* Brief: Give again, word for word, each line below starting at the one that contains "Poster gradient holographic" and ending at the one that contains "Pack photograph of".

* Dataset:
----

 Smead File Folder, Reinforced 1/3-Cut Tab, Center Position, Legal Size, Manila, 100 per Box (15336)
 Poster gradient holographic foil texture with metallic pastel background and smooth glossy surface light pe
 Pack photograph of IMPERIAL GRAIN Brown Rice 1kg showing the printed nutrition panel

----

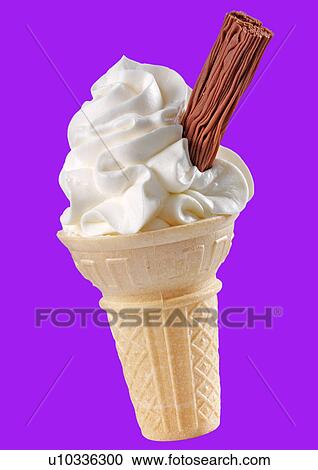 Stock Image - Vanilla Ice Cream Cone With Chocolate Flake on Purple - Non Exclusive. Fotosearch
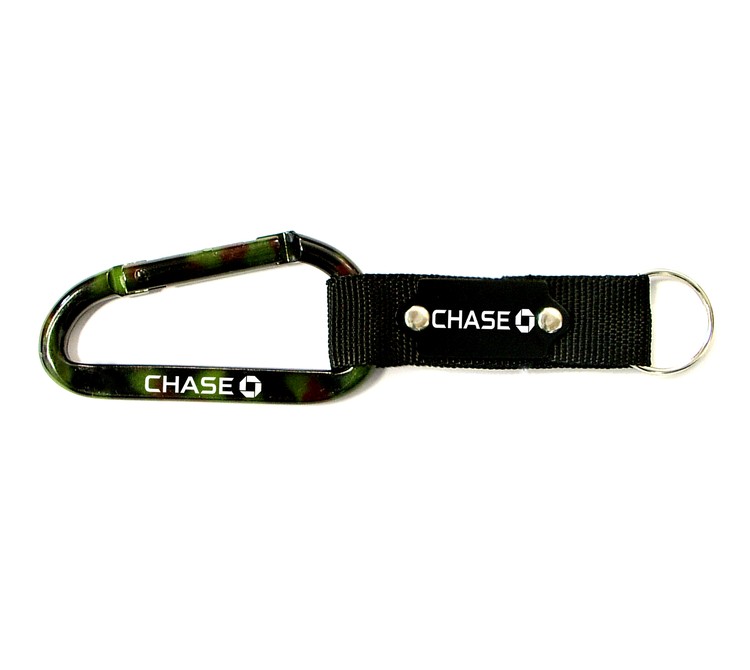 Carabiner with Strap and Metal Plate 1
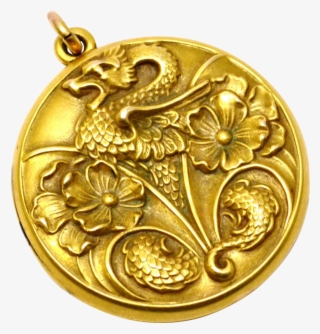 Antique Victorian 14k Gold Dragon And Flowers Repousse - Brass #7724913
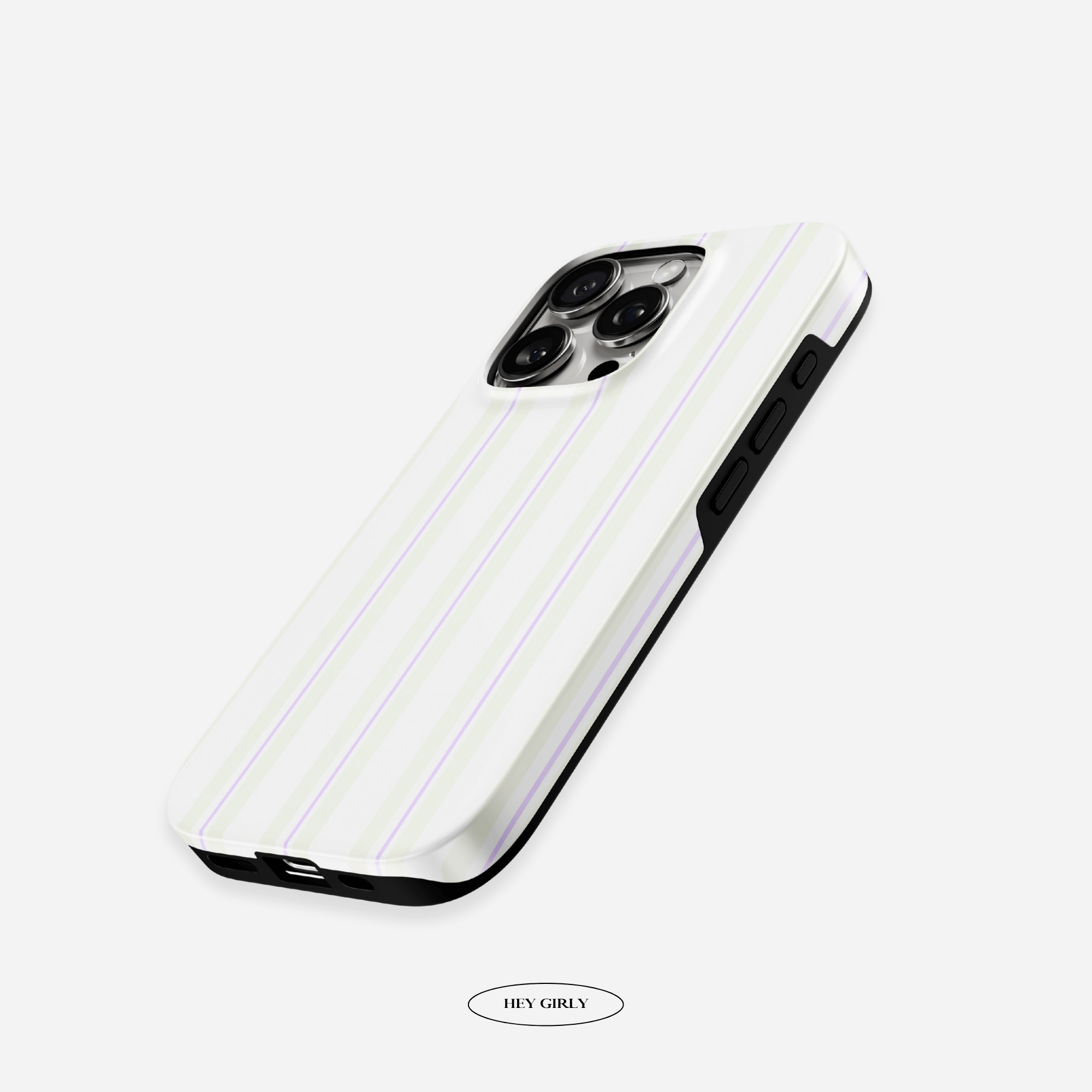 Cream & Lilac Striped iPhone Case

----

* Result for this exercise:
 Poster gradient holographic foil texture with metallic pastel background and smooth glossy surface light pe
 Pack photograph of IMPERIAL GRAIN Brown Rice 1kg showing the printed nutrition panel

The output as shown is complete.